The tough rhetoric indicates Cameron is likely to use his veto, and comes ahead of talks with German Chancellor Angela Merkel later on Wednesday amid signs that EU leaders are growing increasingly annoyed by what they see as Britain’s isolationism.
The prime minister has repeatedly threatened to veto the upcoming budget talks unless spending is frozen in real terms, and in December last year he vetoed a package of fiscal measures designed to help deal with the euro zone debt crisis.
Some European officials believe Britain is on a path to an acrimonious exit from the 27-member bloc.
The prime minister also said he would insist Merkel stick by a letter she and other European leaders signed in 2010 calling for a real terms freeze in the EU budget, which would ensure spending rises no higher than the rate of inflation.
“They’re proposing a completely ludicrous 100 billion euro (80 billion pounds) increase in the European budget,” Cameron told reporters.
“How can they argue that countries should be cutting spending and taking tough decisions if they’re not prepared to take tough decisions themselves?” he said, adding, “I will be arguing for a very tough outcome. I never had very high hopes for a November agreement because you’ve got 27 different people round the table with 27 different opinions.”
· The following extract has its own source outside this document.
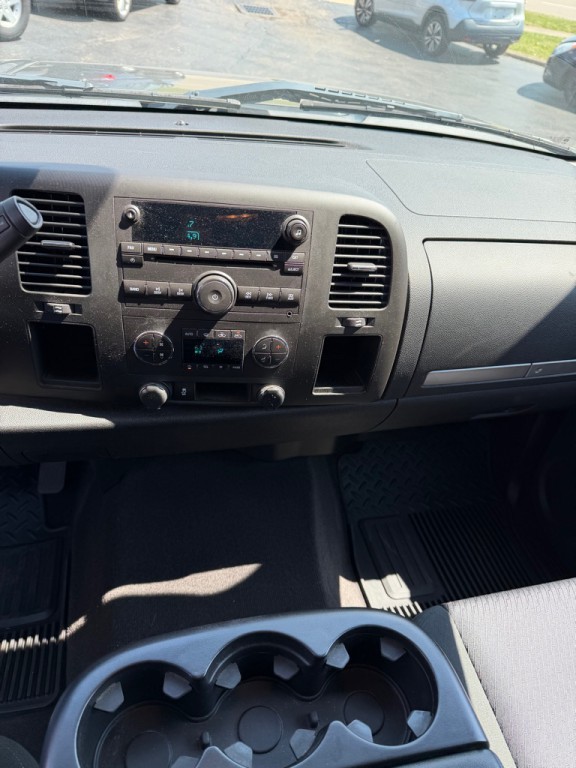 2013 Chevrolet Silverado 1500 Image 13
Britain, a net contributor to the EU budget, is not alone in calling for budgetary restraint, but it has been the loudest.
Cameron is under intense pressure from his own party and the public to take a tough stance on EU spending at a time of harsh austerity measures at home, giving him very little room to manoeuvre at the budget talks.
He is likely to be fiercely opposed by EU members such as Poland, net recipients from the EU budget, making a November deal unlikely given the budget has to be agreed unanimously.
The prime minister said he has always had “good, frank, open conversations” with Merkel, but that he would be making his arguments on EU spending to her “with vigour”.
Talks on the seven-year EU budget are due to be held in Brussels on November 22-23, and Cameron would have to submit any agreement to parliament for approval.
The growing influence of the eurosceptic wing of his party threatens to reopen the row over Europe that helped undo former Conservative prime ministers Margaret Thatcher and John Major.
Cameron suffered a major parliamentary rebellion last week when members of his ruling Conservative Party joined opposition Labour to win a non-binding vote calling for a real terms cut in EU spending, not just a freeze.
One of Britain’s misgivings over the EU budget is the belief that too much money is spent to prop up the bloc’s 17-member euro zone currency union, of which Britain is not a member.
Cameron said he would argue that euro zone countries, hit by costly sovereign debt crises, should have a separate budget.
“I understand the difficulties of the euro, but the European Union budget is for all 27 members of the EU, and we shouldn’t be using the EU budget to make up for difficulties and problems in the euro zone,” he reiterated.